Connor MacLeod did not win The Prize in 1985, and he may never have fought The Kurgan at all. (Once again, it is also quite possible Duncan MacLeod never existed.) Connor loses his life shortly after The Great Catastrophe when he challenges Kortan, an Immortal who refuses to take the oath of non-combat and claims The Prize for himself. Quentin MacLeod is another Immortal who emerges seven hundred years later, when Kortan has established a tyrannical empire in the absence of Immortals willing to fight him.
The only tie-in to this series (which doesn't expand on its mythology at all) was a poorly-reviewed video game for the Atari Jaguar called Highlander: The Last of The MacLeods.
Highlander: The Source
This is the world of the fifth movie. Immortals are actually products of The Source, a mystical portal located somewhere in Eastern Europe, and The Game obfuscates that The Prize is for one pure Immortal to join with the energies of The Source and conceive a child who will save humanity. Gaining The Prize does not require all other Immortals to be killed, but a cursed Immortal known as The Guardian stands in the way of anyone seeking The Source. Duncan MacLeod and Joe Dawson are part of a group (including Duncan's wife, Anna Teshemka) who find their way to The Source at an undetermined point in the near future after the world has fallen into chaos, though Joe and several others die in the process.
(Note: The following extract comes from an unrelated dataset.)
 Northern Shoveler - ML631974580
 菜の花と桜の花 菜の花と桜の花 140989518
Separating this film out is a conscious choice on my part--official promotional materials include this as a continuation of Highlander: The Series, and it could arguably be said to at least exist in the same "continuity family," but the worst product ever to carry the Highlander brand is so far removed from the nature and sensibilities of The Series that I can't accept any aspect of this mythology as part of that world. Taken on its own terms, then, we know that characters such as Duncan, Joe, and Methos exist, and that there were once Watchers, but the movie as released does not even mention if Connor MacLeod ever existed.
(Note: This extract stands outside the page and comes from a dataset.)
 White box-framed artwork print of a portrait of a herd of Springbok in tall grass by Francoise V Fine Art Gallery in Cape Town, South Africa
Initially intended as the first film in a trilogy, this movie's tepid reception on all fronts negated that plan and prevented any tie-ins. (Even tie-ins to The Series which have come out since have failed to incorporate any of this movie's revelations, only bolstering my continuity argument.)
Highlander: The Search for Vengeance
This is the world of the anime movie. Immortals engage in The Game, a battle between them with the last survivor destined to gain The Prize, whose exact nature is unknown. Killing on Holy Ground is anathema enough that no Immortal violates that rule.
Colin MacLeod is one such Immortal, though he is less concerned with The Game than with pursuing the titular vengeance against Marcus Octavius, an evil Immortal who killed Colin's wife in the second century and has aligned himself with nefarious regimes throughout history. (It is possible that neither Connor MacLeod nor Duncan MacLeod ever existed in this timeline.) In 2187, Colin finally defeats Marcus in New York City, where Marcus had begun to establish a tyrannical empire of his own. The Game continues.
This standalone film is potentially compatible with a continuity such as that of The Series (though the existence of yet another Immortal MacLeod in such a continuity would strain credulity), but there were no followups of any kind to address this sort of question.
Detailing all these continuities turned out to be much more involved than I had anticipated, since I can't assume the most basic details are known to the otherwise uninitiated as I can with The Terminator and its derivative works--and if all that seemed like a lot to follow, keeping up with this franchise will only grow more complicated when the first film is remade and/or other takes on the mythos are devised to create even more Highlander continuities related only tangentially (at best) to anything which came before.